Psalm 119:129-152 (The Message)


 129-136 Every word you give me is a miracle word—
      how could I help but obey?
   Break open your words, let the light shine out,
      let ordinary people see the meaning.
   Mouth open and panting,
      I wanted your commands more than anything.
   Turn my way, look kindly on me,
      as you always do to those who personally love you.
   Steady my steps with your Word of promise
      so nothing malign gets the better of me.
   Rescue me from the grip of bad men and women
      so I can live life your way.
   Smile on me, your servant;
      teach me the right way to live.
   I cry rivers of tears
      because nobody's living by your book!
 137-144 You are right and you do right, God;
      your decisions are right on target.
   You rightly instruct us in how to live
      ever faithful to you.
   My rivals nearly did me in,
      they persistently ignored your commandments.
   Your promise has been tested through and through,
      and I, your servant, love it dearly.
   I'm too young to be important,
      but I don't forget what you tell me.
   Your righteousness is eternally right,
      your revelation is the only truth.
   Even though troubles came down on me hard,
      your commands always gave me delight.
   The way you tell me to live is always right;
      help me understand it so I can live to the fullest.
 145-152 I call out at the top of my lungs,
      "God! Answer! I'll do whatever you say."
   I called to you, "Save me
      so I can carry out all your instructions."
   I was up before sunrise,
      crying for help, hoping for a word from you.
   I stayed awake all night,
      prayerfully pondering your promise.
   In your love, listen to me;
      in your justice, God, keep me alive.
   As those out to get me come closer and closer,
      they go farther and farther from the truth you reveal;
   But you're the closest of all to me, God,
      and all your judgments true.
   I've known all along from the evidence of your words
      that you meant them to last forever.

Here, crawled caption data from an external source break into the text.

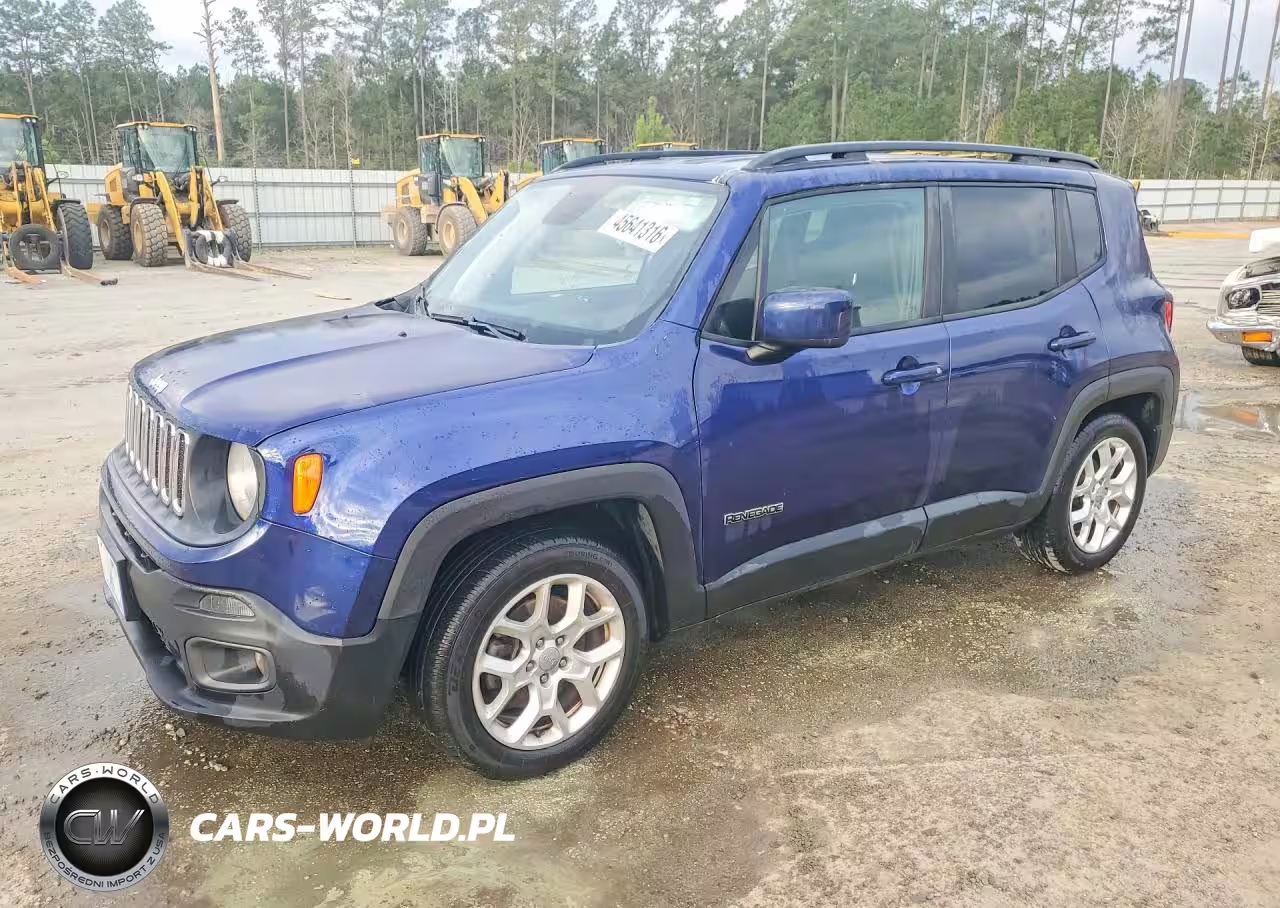2018 Jeep Renegade Latitude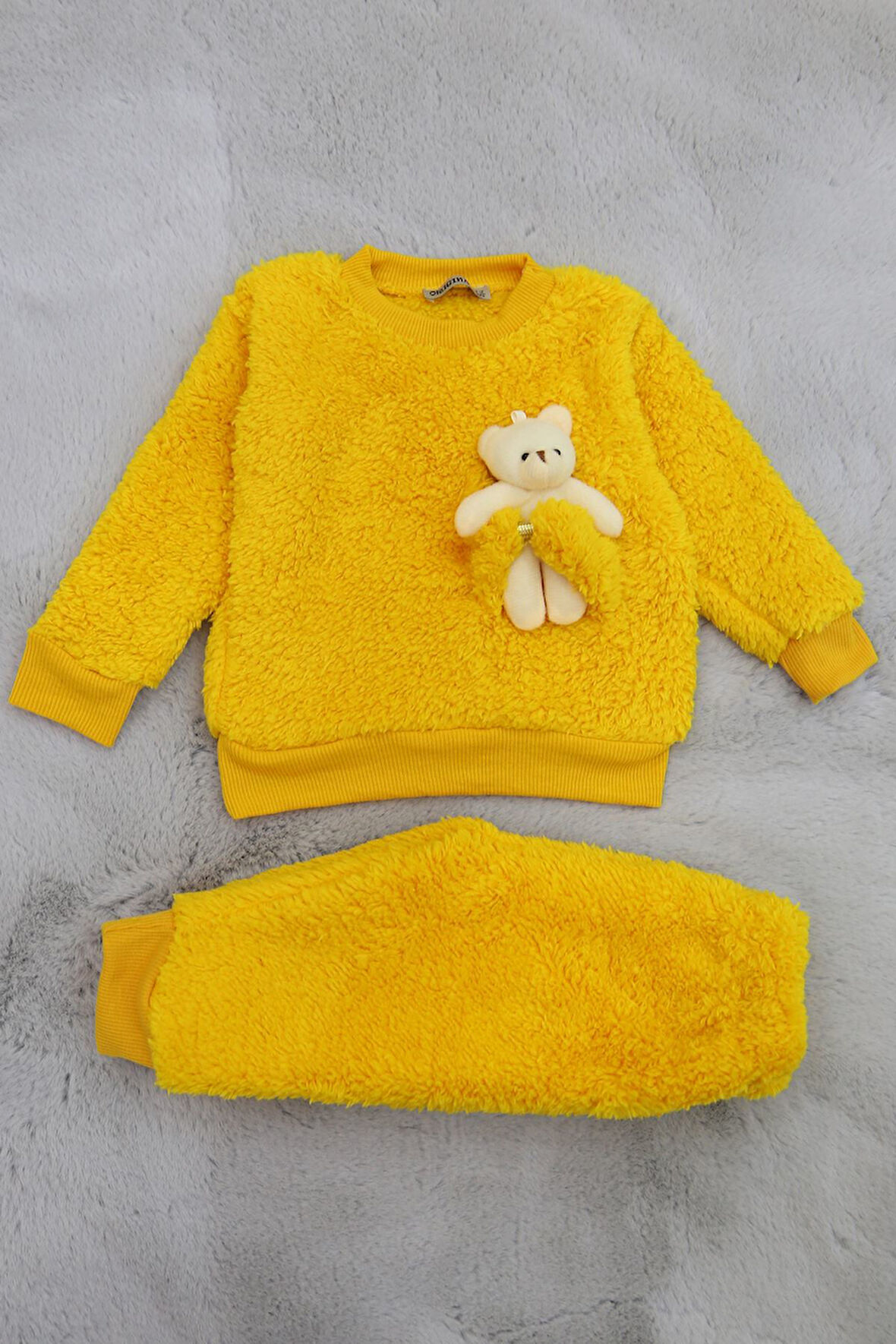 1-9 Aylık Peluş Bebek Takım Sarı - 30162.904.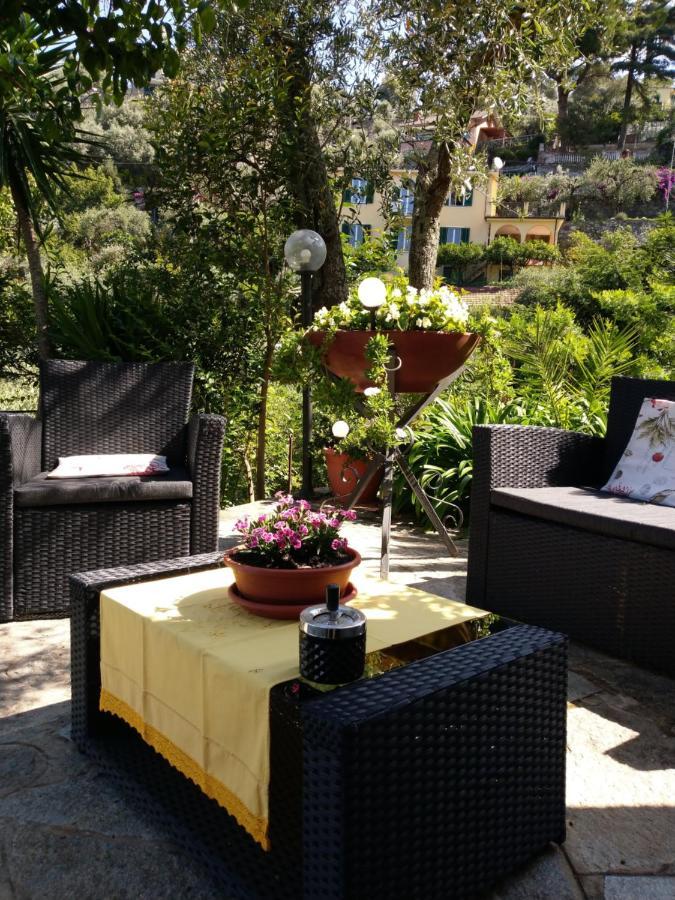 Villino Brunetto Azienda Agrituristica Camogli Eksteriør bilde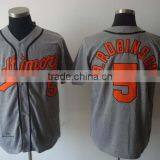 Promotion Hot Selling Front and Back Good View Throw Back Baseball Jersey,customized Original Throw Back Baseball Jersey thumbnail-3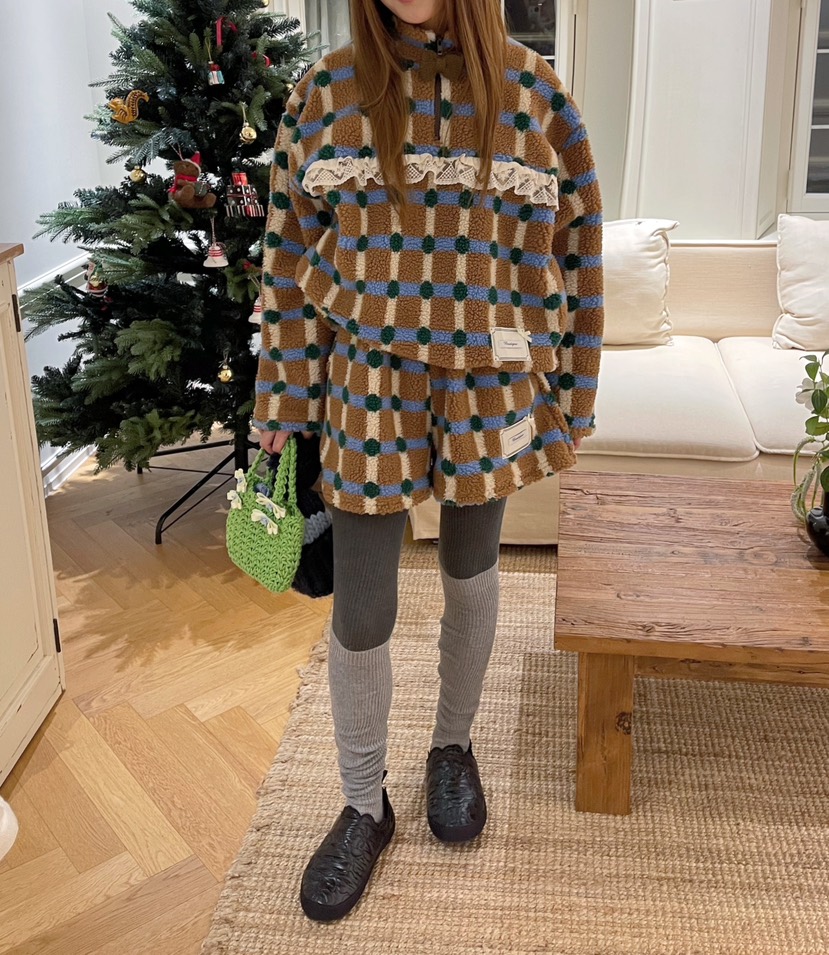 BOUTIQUE-L東大門㊣直郵女裝新品25秋冬時尚人氣職業休閑衛衣BOUTIQUE-L衛衣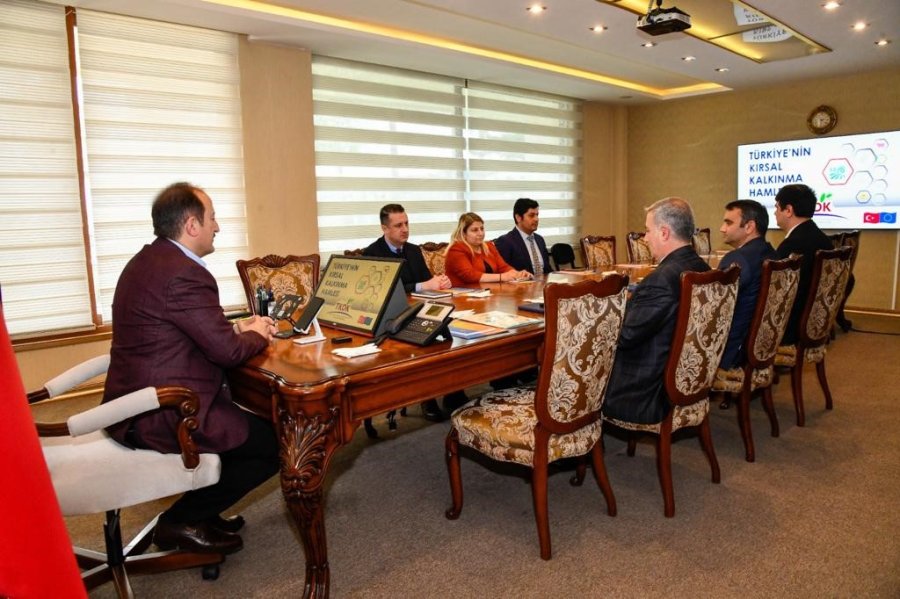 Vali Pehlivan: "tkdk İlimizde Toplam 478 Projeye 815 Milyon Tl Hibe Sağladı"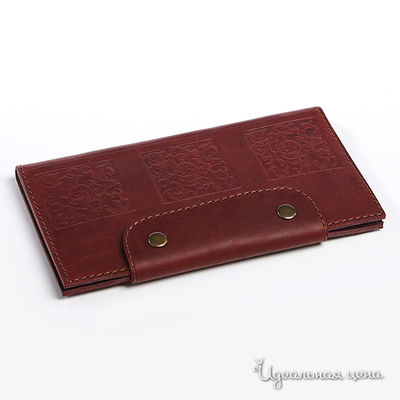 Кошелек Кажан, цвет цвет красный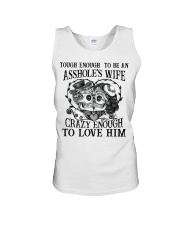 Tough Enough to be an asshole's wife Unisex Tank thumbnail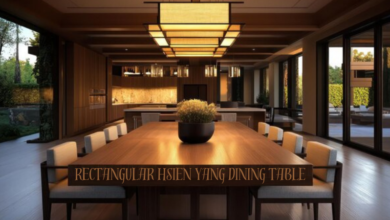 rectangular hsien yang dining table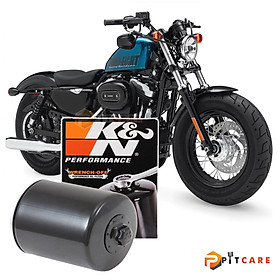 Lọc Nhớt K&N Chính Hãng KN-170 Cho Harley Davidson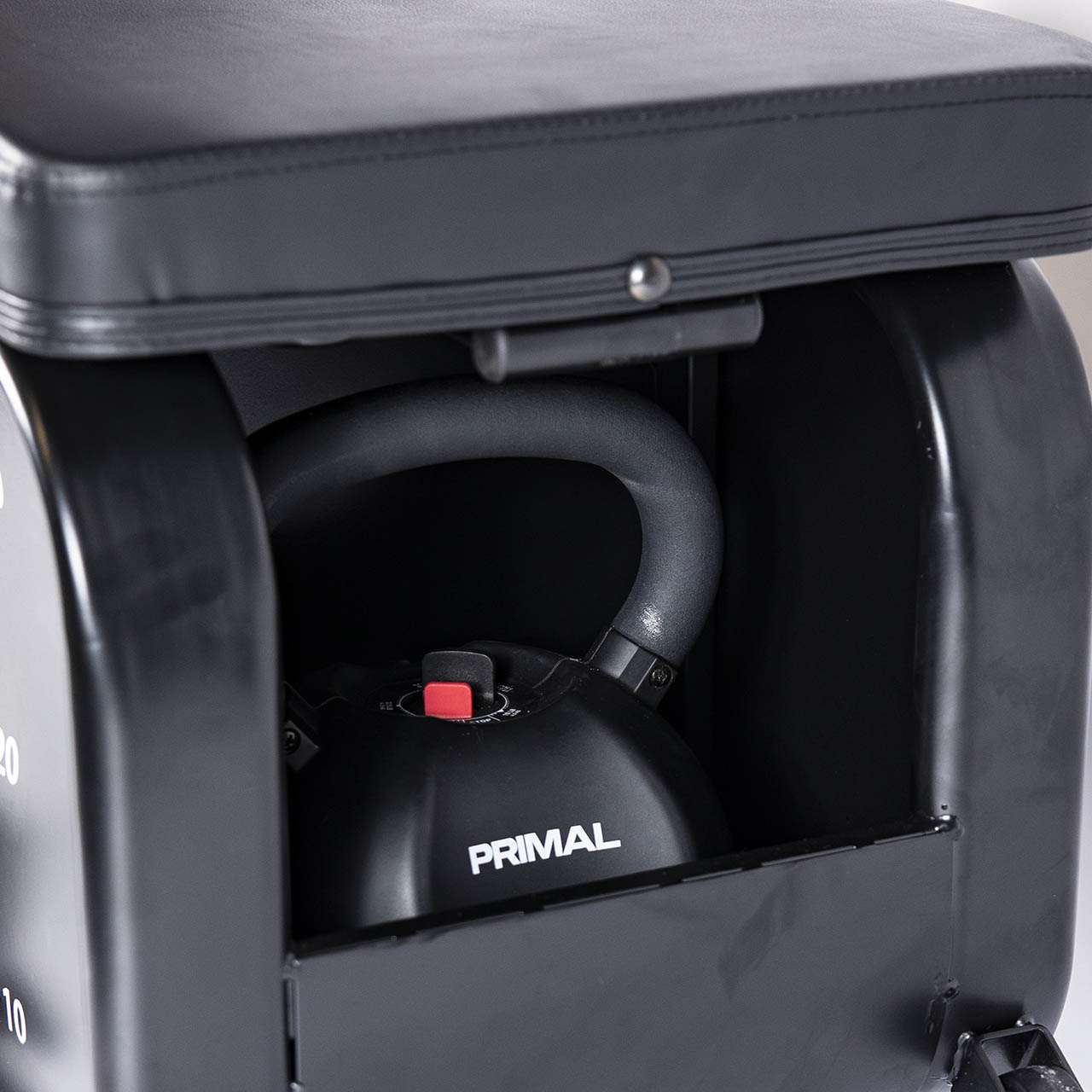 Primal Personal Series HIIT Bench with Accessories & Dumbbells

Proverbs 16:12-13 (The Message)


 12 Good leaders abhor wrongdoing of all kinds;
   sound leadership has a moral foundation.

 13 Good leaders cultivate honest speech;
   they love advisors who tell them the truth.



Thought for the Day

With a loud command and with the shout of the chief angel and a blast of God's trumpet, the Lord will return from heaven. Then those who had faith in Christ before they died will be raised to life. Next, all of us who are still alive will be taken up into the clouds together with them to meet the Lord in the sky. From that time on we will all be with the Lord forever.” (1 Thessalonians 4:16-17 - Contemporary English Version) It's important to remember that our trials and troubles are only temporary. Without our help or permission, God will redeem his creation. And in the meantime, we can roll up our sleeves in order to do what he's called us to do.


Quote for the Day

American country singer, songwriter and guitarist, Miranda Lambert wrote, "I can't put into words what a dog's love does to a heart."

Joke for Today

An 8 year old girl went to the office with her father on 'Take your kid to work Day'.

As they walked round the office she started crying and getting cranky.

Her father asked what was wrong.

As the staff gathered round she sobbed loudly, "Daddy, where are all the clowns you said you worked with?"


A Prayer Request

As Christians, we can offer specific daily prayers for our community, nation and world. Below is the need that we're laying before God today.

That peace be restored in the Middle East.